グレーゾーン金利とは?

今までは、キャッシングの金利といえば「利息制限法」と「出資法」の2つの法律で規制されていました。

そもそも利息制限法では、上限金利を元金に応じて15%~20%の範囲とされていますが、一般の貸金業者は、出資法の上限金利29.2%に近い金利で貸し出しているのが普通でした。

この利息制限法(15%~20%)と出資法(29.2)の間の部分をグレーゾーンと呼び、この範囲で設定している金利がグレーゾーン金利と呼ばれています。

○利息制限法

利息制限法に定められた上限金利は元本の額により3つに分けることが出来ます。

  • ・元本が10万円未満 年20%
  • ・元本が10万円以上100万円未満 年18%
  • ・元本が100万円以上 年15%

○出資法

この出資法は、1954年に制定され当時の上限金利は、なんと109.5%だったそうです。

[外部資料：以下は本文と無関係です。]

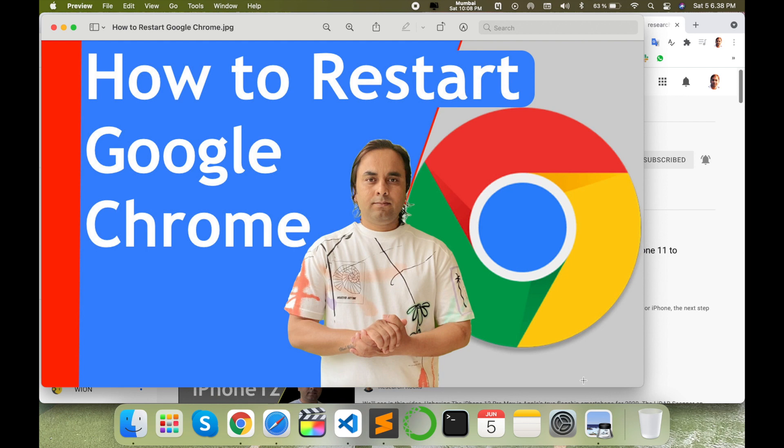becomes unsupportable. Using these tips and tricks, you can access many tabs. Sometimes your system or Chrome hangs or crashes. Using these tips and tricks, you can very easily restart your Chrome without losing any of your tabs.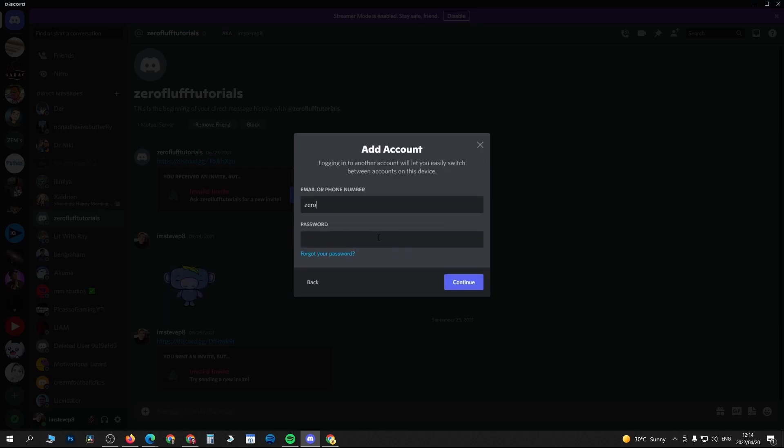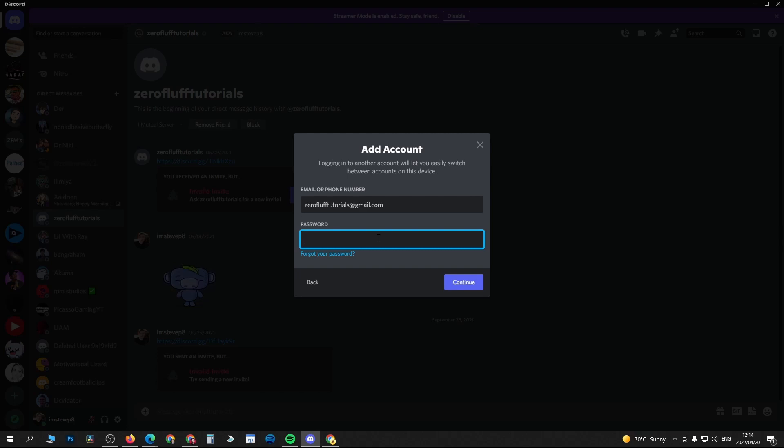Right now you just need to put in the email address of your next account. So I'm doing that right now, then entering the password. Once you've entered in your password, just click on continue.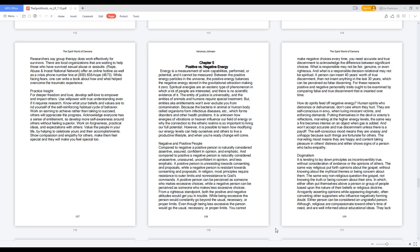Acknowledge everyone has a sense of entitlement, so develop more self-awareness around others without feeling superior. Work on forgiveness, practical ideas and expectations with others. Value the people in your life by helping to celebrate yours and their accomplishments. Show compassion and empathy for others, make them feel special and they will make you feel special too.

しかしサラ金問題が悪化した関係もあり、出資法改正案により何回か見直しがあり、2000年に現在の29.2%に落ち着きました。

さらに、ここ数年増加傾向にあった過払金返還請求訴訟なども、このグレーゾーン金利が問題の原因だったのです。

○遅延損害金

なお利息制限法は、遅延損害金についても制限を設けていて、制限利率の1.46倍までとされているようです。

例えば、制限利率が20%の場合、20%×1.46倍=29.2%となるわけです。

グレーゾーンが撤廃されると

完全移行後は、上限金利が15%~20%になります。

グレーゾーン金利が撤廃するに合わせて、「総量規制の導入」も見込まれています。

要は過剰融資を防ぎ、多重債務者を増やさないようにしようというものです。

しかしこれにより、中小の消費者金融の経営状況が悪化し貸し渋りが始まっています。

従来はグレーゾーン金利のおかげで潤っていた感がありますが、グレーゾーン金利撤廃に伴い、新規顧客の獲得が落ちています。

さらに、この状況は1000万人のローン難民を生むともいわれ、その対策に躍起になっているのが現実といえそうです。